Yang sangat menyesakkan dada dan memilukan hati adalah bibit-bibit intoleran dicekokkan pada anak PAUD, TK, SD, SMP, SMA dan mahasiswa. Ini sangat berbahaya bagi masa depan Indonesia. Saya sangat memohon Pak Sultan serius dan fokus menuntaskan masalah pendidikan di Jogja yang sudah tercemari polusi politik radikal agama. Sembah nuwun Pak Sultan.
Akar masalahnya adalah tidak bisa membedakan antara kehidupan keagamaan dan hidup berbangsa dan bernegara dalam frame NKRI yang berideologikan Pancasila yang berbhineka tunggal ika. Ini komitmen kita semua dalam hidup berbangsa dan bernegara. Tidak boleh ditawar sedikitpun, sekalipun berdalih kebebasan dan demokrasi.
Pak Sultan, Bapak adalah Raja Besar dengan gelar Sri Sultan Hamengku Buwono X Senopati ing Ngalaga Ngaburrahman Sayyidin Panatagama. Tugas utama Bapak sebagai Raja di iklim demokrasi ini adalah Mbeber Jejeging Adil dalam segala aspek kehidupan warga Jogja termasuk kerukunan beragama.
Saya sangat memohon Pak Sultan serius dan fokus menuntaskan masalah pendidikan di Jogja yang sudah tercemari polusi politik radikal agama.
Saya sangat merindukan hadirnya kembali sosok Sri Sultan Hamengku Buwono IX. Bagi saya, beliau adalah raja yang sangat merakyat sekaligus negarawan sejati.
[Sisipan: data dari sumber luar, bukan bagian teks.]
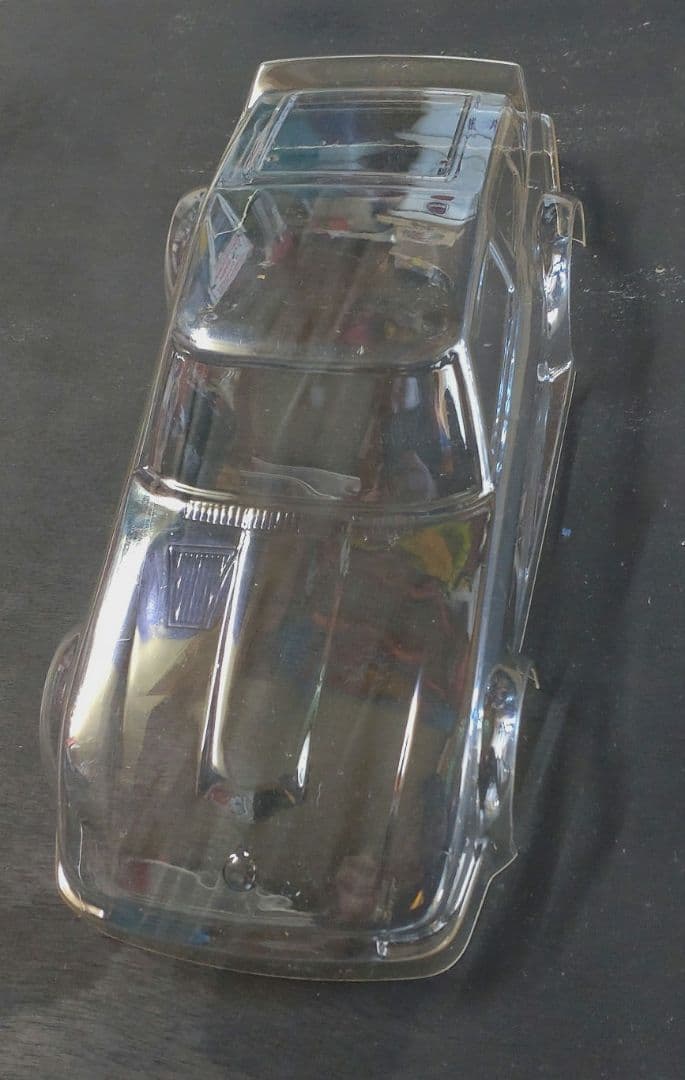 アオシマ NEW Fairlady 280Z 1/16 スペアボディセット - メルカリ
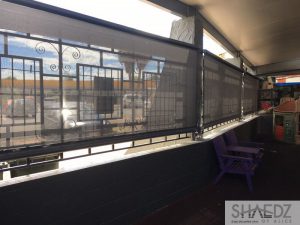 Straight Drop Awnings — Shades and Awnings in Alice Springs, NT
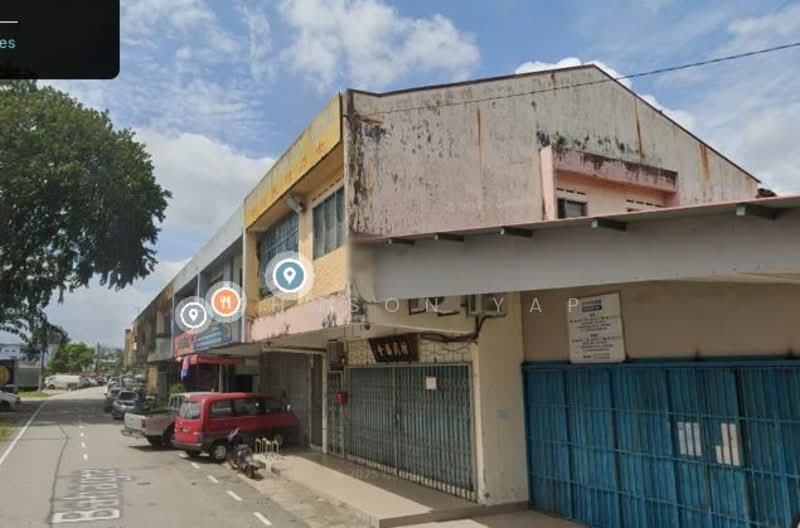 Shop for Sale in Senai (Johor) - Johnson Yap - Exterior - PropertyGuru.com.my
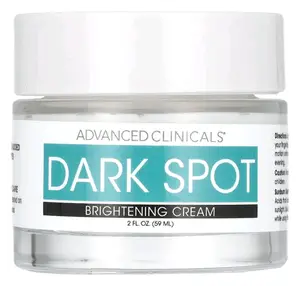 Advanced Clinicals Dark Spot Brightening Cream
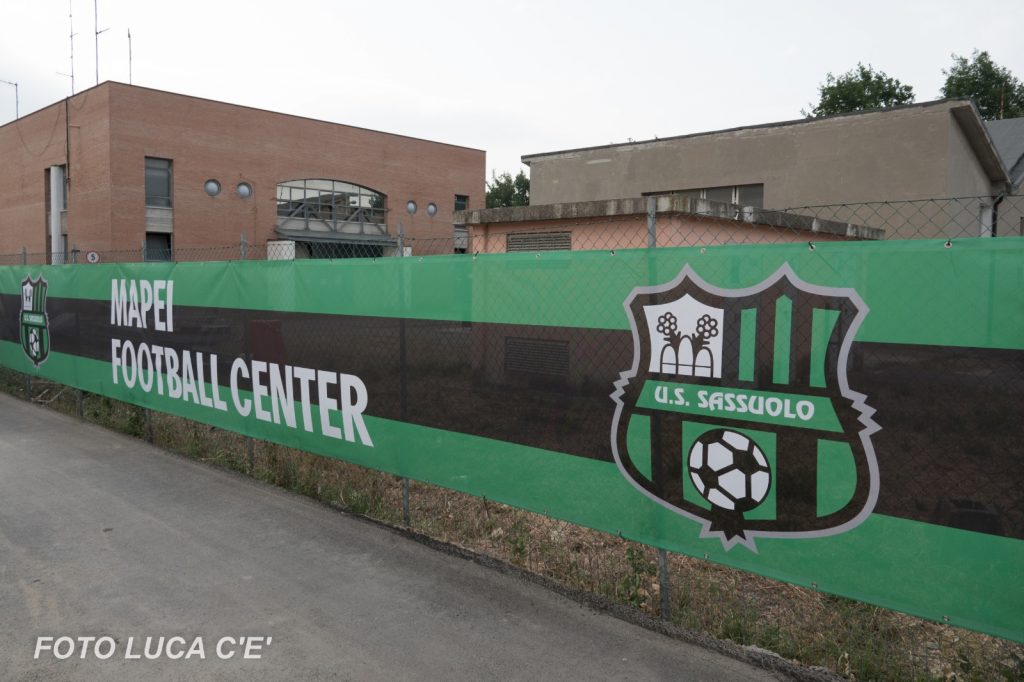 Mapei Football Center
Tahta untuk rakyat. Raja yang telah mengorbankan kekuasaan politik atas tanah-tanahnya demi bergabung NKRI.
Saya merasakan suasana kebatinan seperti itu semakin memudar dalam kehidupan warga Jogja khususnya dalam kehidupan keagamaan.
Rumah ibadah adalah tempat suci untuk beribadah dan bersosial kemasyarakatan. Bukan tempat menyebar kebencian antarsesama umat beragama. Dengan dalih kebebasan untuk mengolok-olok umat beragama lain dengan seenaknya sendiri adalah hal yang tidak bisa dibenarkan dan dibiarkan, harus ditindak tegas.
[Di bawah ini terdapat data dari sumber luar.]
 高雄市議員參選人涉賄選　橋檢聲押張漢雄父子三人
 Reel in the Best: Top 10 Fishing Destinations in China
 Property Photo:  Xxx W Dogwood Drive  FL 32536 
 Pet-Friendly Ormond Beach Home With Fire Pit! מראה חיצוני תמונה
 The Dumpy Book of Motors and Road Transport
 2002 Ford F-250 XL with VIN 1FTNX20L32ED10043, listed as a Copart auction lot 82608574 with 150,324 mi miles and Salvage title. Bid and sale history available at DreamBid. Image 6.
Rumah ibadah sudah dinistakan untuk hal-hal kumuh dan sampah. Ini fakta dan terjadi di Jogja. Baru saja saya dapat laporan dari warga Kota Jogja yang di sebelahnya ada rumah ibadah yang selalu diisi hal-hal yang menyerang agama lain, melecehkan simbol keagamaan agama lain, dan menyebarkan kebencian. Parahnya, yang menjadi sasaran adalah anak-anak kecil generasi penerus Indonesia.
Pak Sultan, Bapak adalah Raja Besar yang tugas utamanya adalah Mbeber Jejeging Adil. Saya atas nama pribadi memohon keadilan bagi saudara-saudara saya yang populasinya minoritas untuk diberikan kebebasan beragama sewajarnya tanpa ada hinaan, cercaan, dan pelecehan atas simbol-simbol keagamaanya. Melarang orang lain beribadah adalah pelanggaran HAM dan melawan hukum negara.
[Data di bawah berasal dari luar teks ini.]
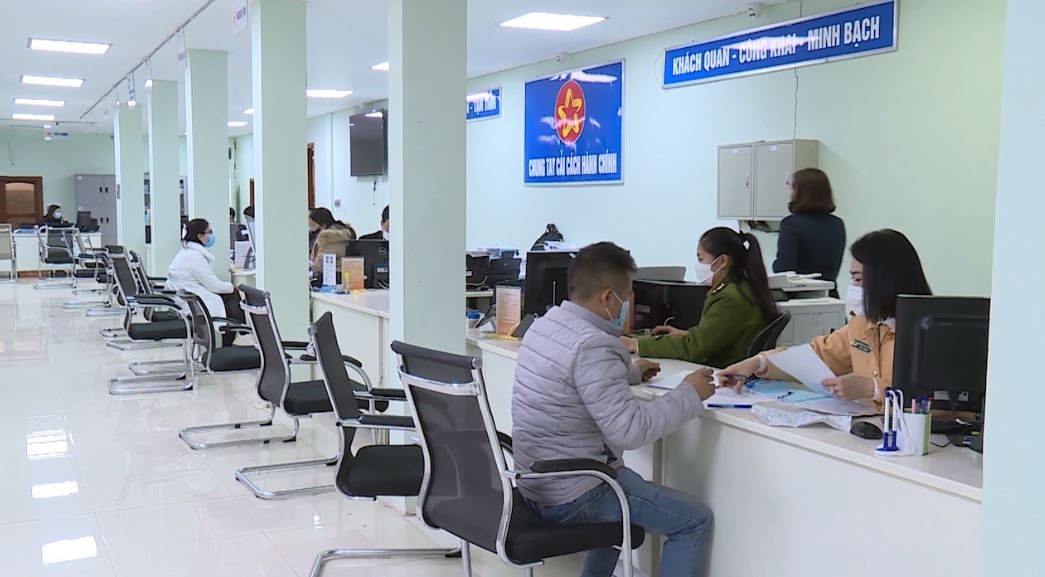 TT phục vụ hành chính công: Hướng đến mục tiêu vì người dân phục vụ
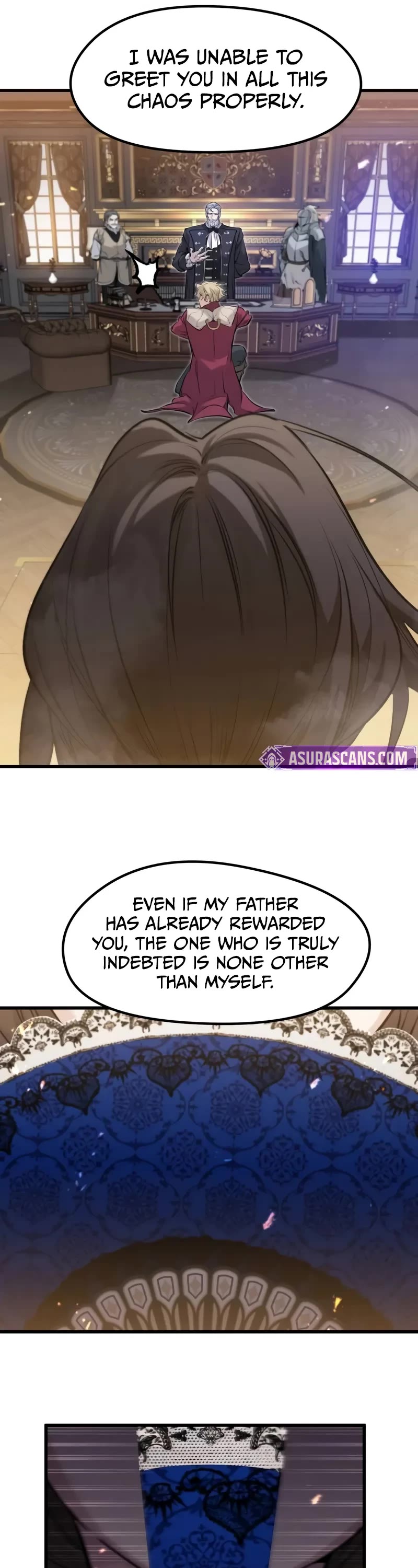 The Regressed Mercenary's Machinations Chapter 53 page 62 - Chapter 53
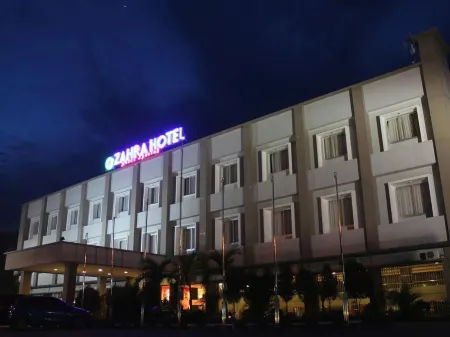 Zahra Syariah Hotel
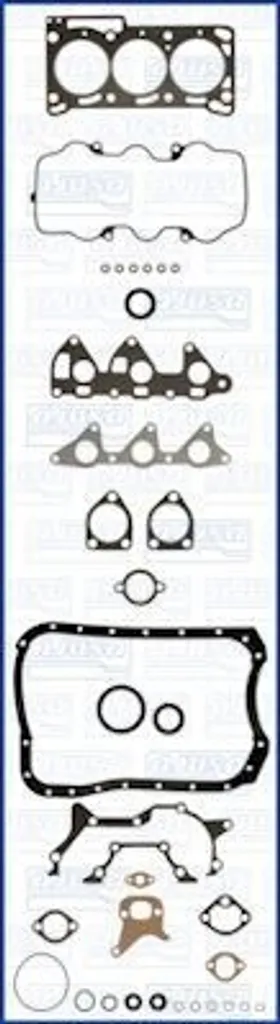 Jeu de joints moteur haute résistance AJUSA 50067100 Daihatsu G10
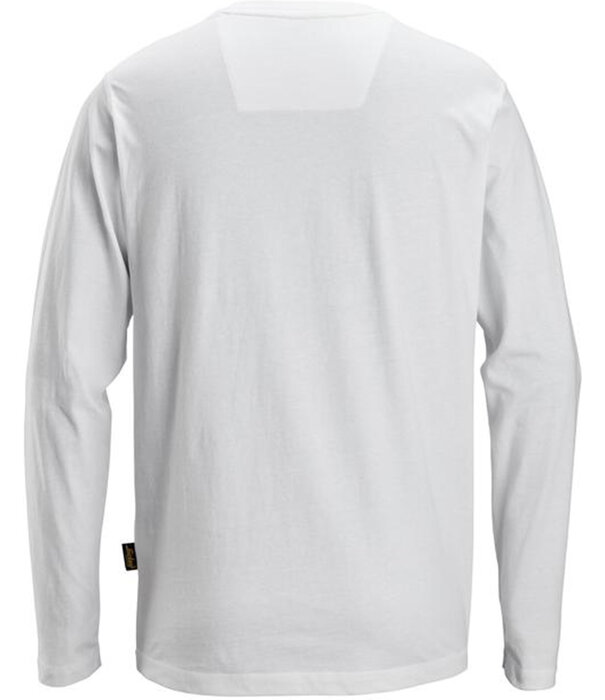 Snickers Workwear 2496 Klassiek T-shirt met Lange Mouwen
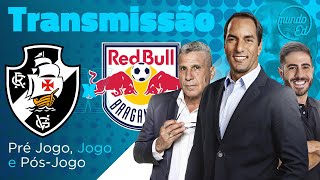 VASCO 2 x 1 RB BRAGANTINO  VASCO FICA NA SÉRIE A [upl. by Libbi53]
Saya secara pribadi mengajak Pak Sultan dan warga Jogja lain untuk bergandengan tangan dan bergotong royong membangun Jogja dan mengembalikan citra Jogja sebagai City of tolerance, Kota Budaya, Kota Pelajar, Kota Pendidikan, dan Kota Perjuangan Revolusi Fisik.
Jangan sampai Jogja justru menjadi titik lemah sendi-sendi kebhinekaan Indonesia di kemudian hari.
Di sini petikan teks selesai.